High prices for space and accommodation don't help, either. Town merchants rent their space for the week to the vendors for whatever they can get, which is normally $5,000 to $10,000 (U.S.) for a basic lot area. Clothes stores become tattoo parlours and accountants' offices become accessory dealers.
The vendors need a place to sleep, too, and residents who don't care to stick around during the noise and congestion rent out their homes for the week. It's the law of supply and demand for the underground economy: $4,000 for a nice five-bedroom house; $1,300 for a one-bedroom dump.
But there's no doubt that the main reason is the aging demographic of "bikers" who just aren't being replaced by the next generation. Their children don't want to ride the same bikes as their parents – they want efficient and fast Japanese machines, not V-twin muscle bikes that fall back on a century of heritage.
And they don't want to become leather mamas like the bronzed, tattooed women here. The vast majority of rally participants are at least 40 years old, making the most of the free time they've finally achieved and the $30,000 motorcycle they can finally afford.
"There's no doubt the rally will be very different 20 years from now," says rally director Pepper Massey.
Sturgis is trying to move with the trend by broadening the appeal beyond Harley-Davidson cruisers to sportbikes and everything in between, but there are few sportbikes to be seen here.

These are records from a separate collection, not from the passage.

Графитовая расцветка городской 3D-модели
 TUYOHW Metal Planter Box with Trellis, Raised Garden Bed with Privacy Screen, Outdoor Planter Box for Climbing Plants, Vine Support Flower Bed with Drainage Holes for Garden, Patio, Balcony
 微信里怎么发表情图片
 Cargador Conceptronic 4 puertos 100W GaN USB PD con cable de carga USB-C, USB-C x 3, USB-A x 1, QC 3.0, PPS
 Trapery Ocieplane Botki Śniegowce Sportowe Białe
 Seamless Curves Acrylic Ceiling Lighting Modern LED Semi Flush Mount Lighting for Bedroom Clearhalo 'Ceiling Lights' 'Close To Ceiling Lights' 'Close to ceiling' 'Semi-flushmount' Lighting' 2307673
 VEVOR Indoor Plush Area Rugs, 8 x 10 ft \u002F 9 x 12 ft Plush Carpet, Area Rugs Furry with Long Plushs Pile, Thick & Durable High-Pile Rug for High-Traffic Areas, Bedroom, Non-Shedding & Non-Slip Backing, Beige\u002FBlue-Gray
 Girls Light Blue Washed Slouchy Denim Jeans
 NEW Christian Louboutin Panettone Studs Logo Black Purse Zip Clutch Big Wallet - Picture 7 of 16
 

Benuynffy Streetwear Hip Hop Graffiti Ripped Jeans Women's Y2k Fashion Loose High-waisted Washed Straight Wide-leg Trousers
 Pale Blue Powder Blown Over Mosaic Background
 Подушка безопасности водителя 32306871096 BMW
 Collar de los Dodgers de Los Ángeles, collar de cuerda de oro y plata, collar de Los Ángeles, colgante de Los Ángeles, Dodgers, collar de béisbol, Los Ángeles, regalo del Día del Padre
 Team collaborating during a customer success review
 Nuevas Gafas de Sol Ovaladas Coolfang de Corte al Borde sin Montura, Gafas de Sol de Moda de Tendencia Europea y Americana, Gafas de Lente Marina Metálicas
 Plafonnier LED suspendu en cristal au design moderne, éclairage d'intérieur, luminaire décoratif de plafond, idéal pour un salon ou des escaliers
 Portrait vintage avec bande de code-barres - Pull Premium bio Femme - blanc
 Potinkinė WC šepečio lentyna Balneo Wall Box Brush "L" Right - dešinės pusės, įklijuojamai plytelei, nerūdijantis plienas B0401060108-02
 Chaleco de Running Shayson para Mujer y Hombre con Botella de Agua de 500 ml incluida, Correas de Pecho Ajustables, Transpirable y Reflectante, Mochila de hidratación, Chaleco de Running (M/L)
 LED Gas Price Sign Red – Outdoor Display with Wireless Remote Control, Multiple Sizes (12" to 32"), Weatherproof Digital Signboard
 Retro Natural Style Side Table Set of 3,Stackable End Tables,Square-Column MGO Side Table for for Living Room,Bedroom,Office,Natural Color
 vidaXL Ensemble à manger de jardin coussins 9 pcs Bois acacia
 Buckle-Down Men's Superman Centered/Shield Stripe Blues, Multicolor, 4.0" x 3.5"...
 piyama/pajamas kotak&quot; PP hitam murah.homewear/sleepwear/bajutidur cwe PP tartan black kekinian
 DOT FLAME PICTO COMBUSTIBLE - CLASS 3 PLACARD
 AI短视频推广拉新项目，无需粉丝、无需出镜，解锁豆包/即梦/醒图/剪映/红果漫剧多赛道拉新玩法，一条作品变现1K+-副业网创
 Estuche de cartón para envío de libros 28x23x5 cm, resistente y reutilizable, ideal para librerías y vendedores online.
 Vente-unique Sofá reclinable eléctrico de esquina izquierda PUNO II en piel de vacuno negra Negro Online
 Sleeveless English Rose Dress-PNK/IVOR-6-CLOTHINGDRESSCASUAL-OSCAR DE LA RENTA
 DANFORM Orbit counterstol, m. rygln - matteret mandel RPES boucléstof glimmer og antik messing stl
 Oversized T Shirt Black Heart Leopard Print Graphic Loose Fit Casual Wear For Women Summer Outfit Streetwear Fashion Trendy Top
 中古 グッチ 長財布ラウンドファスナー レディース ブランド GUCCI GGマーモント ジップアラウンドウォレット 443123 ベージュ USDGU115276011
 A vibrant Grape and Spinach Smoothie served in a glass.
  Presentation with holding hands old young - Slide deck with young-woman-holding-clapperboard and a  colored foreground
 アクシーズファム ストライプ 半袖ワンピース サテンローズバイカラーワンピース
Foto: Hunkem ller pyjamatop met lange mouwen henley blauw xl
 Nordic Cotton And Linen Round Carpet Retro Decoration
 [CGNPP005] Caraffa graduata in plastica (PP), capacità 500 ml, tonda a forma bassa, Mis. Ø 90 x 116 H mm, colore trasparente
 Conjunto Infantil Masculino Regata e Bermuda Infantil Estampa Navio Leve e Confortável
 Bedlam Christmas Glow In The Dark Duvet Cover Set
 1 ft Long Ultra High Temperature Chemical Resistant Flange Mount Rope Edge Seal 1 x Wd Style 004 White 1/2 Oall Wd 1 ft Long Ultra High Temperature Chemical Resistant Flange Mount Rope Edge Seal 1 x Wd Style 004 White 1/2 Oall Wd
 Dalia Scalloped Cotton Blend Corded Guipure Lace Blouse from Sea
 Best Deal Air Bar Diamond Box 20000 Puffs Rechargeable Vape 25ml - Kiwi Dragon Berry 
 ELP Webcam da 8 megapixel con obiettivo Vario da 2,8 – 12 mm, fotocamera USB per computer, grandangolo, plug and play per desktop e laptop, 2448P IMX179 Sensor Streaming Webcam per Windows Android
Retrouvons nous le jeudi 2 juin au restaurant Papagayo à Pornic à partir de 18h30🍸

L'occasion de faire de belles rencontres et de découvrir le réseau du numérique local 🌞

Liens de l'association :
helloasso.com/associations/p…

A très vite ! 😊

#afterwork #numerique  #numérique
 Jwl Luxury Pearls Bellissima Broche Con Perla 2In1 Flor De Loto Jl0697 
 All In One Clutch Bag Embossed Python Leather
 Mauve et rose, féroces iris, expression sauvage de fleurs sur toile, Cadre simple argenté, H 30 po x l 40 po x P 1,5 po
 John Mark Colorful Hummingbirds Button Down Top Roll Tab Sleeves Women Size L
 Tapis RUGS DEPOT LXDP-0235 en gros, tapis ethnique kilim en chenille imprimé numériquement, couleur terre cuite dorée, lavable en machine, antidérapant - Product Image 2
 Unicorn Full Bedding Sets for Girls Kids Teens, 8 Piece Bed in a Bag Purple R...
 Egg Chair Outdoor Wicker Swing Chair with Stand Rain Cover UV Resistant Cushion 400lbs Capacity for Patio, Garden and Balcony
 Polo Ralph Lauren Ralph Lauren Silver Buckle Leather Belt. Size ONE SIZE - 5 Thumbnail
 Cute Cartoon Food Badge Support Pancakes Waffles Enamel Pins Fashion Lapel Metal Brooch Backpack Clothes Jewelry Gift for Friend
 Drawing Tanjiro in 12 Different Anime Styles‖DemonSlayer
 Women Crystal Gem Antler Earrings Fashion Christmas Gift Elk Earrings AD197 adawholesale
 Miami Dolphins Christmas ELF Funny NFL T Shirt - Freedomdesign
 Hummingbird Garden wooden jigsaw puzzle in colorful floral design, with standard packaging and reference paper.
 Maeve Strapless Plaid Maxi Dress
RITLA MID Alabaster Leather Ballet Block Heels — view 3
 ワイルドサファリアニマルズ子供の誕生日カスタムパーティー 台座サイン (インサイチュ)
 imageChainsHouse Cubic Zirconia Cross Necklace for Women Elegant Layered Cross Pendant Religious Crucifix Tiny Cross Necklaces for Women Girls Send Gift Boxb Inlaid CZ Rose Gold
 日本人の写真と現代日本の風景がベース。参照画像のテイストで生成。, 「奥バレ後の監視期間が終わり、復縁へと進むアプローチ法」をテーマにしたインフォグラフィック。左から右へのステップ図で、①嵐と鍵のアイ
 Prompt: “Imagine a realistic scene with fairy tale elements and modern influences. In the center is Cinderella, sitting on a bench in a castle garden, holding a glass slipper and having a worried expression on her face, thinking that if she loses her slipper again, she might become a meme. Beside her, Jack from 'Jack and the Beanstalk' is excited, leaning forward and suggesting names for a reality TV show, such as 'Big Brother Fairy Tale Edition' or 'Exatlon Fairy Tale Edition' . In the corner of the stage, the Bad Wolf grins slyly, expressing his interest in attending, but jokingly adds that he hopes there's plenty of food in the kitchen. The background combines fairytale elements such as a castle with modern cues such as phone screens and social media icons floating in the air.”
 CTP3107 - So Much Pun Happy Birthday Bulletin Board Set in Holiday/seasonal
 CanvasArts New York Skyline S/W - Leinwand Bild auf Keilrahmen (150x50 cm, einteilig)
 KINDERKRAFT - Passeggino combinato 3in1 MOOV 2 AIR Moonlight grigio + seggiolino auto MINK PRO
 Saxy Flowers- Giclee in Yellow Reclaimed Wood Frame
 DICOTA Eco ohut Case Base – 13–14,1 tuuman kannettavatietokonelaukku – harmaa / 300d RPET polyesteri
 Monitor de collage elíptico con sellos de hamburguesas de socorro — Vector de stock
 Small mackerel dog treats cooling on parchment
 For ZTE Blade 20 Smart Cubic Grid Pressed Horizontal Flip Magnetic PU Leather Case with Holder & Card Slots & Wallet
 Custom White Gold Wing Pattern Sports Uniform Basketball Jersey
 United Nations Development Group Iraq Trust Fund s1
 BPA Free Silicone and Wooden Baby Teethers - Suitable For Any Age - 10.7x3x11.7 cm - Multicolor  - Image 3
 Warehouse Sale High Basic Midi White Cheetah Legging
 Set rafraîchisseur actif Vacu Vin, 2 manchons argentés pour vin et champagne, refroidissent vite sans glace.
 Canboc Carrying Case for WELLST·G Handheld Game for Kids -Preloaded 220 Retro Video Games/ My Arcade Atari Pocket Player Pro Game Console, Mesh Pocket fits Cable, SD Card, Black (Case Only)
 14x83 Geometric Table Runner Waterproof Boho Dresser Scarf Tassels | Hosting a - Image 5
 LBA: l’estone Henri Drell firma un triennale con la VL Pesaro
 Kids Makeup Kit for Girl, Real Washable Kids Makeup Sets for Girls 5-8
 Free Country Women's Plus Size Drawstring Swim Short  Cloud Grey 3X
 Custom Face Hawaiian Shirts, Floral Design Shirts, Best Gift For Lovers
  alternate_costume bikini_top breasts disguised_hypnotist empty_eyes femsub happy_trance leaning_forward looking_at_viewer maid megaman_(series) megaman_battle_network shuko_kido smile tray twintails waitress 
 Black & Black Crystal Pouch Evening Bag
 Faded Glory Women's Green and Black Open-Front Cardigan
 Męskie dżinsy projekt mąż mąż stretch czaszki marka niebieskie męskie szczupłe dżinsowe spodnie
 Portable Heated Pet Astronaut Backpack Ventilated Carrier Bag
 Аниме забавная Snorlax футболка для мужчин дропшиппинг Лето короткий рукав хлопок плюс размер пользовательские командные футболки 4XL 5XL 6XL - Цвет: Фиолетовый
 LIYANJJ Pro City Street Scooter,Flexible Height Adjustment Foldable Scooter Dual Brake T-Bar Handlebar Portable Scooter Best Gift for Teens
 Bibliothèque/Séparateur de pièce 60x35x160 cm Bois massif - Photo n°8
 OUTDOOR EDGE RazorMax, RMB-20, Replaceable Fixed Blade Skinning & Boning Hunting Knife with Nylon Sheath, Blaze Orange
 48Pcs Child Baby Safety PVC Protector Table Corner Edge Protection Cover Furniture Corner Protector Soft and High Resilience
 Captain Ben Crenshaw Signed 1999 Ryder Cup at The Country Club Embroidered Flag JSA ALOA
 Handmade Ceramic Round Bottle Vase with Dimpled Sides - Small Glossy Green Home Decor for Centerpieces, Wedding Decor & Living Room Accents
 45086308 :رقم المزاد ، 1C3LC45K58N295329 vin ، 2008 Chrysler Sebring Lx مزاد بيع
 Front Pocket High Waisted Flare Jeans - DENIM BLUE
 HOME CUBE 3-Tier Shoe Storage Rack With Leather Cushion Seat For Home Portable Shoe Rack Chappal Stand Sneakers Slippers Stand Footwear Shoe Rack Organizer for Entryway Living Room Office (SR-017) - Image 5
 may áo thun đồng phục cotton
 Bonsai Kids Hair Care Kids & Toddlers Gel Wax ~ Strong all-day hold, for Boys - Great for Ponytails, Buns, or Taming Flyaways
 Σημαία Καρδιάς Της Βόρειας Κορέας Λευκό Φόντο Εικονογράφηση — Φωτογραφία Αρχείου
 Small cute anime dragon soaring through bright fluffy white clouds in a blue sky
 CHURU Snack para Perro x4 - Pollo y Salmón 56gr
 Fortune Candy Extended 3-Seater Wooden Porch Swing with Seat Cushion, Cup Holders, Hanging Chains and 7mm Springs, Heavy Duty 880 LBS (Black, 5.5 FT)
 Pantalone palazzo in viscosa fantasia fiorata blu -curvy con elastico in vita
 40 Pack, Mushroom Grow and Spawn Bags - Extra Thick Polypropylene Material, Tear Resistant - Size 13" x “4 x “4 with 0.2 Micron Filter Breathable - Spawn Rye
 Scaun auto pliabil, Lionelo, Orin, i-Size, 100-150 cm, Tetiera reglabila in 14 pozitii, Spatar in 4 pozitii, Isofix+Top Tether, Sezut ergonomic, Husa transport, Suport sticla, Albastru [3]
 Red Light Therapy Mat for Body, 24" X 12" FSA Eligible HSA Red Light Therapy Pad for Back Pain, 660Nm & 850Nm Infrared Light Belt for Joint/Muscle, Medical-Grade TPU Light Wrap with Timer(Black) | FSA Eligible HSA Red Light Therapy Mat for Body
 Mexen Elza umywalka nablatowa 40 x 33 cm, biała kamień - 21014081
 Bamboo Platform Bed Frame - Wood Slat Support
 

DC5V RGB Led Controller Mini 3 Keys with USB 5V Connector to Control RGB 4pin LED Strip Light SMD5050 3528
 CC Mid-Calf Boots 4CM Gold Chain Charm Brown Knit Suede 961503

The Black Hills offer some of the best riding roads in the country, with far-away vistas and switchbacks everywhere; pigtail bridges lead the road in complete loops down the side of steep hills. But it's no fun to ride a quick bike during rally week.
Long trains of doddering cruisers fill the road for too great a distance to pass, their doddery riders inexperienced on such challenging highways and keeping well beneath the speed limit, almost crawling around the curves.
The highway patrol knows this, too, and enforces low speed limits to ensure safety for everyone. This is no pleasure for the serious riders who may be the next generation for Sturgis.
But ultimately, this being America, the future of the rally is out of the hands of the mayor or the director. It will be determined by private enterprise, which stands to make millions of dollars from the unreported economy of the event.
"The rally will change as private enterprise decides to make change," says La Rue. "We're at the whim of the business people, who will see what's needed and fill any gaps. Riders will always come to Sturgis – there will always be a rally here."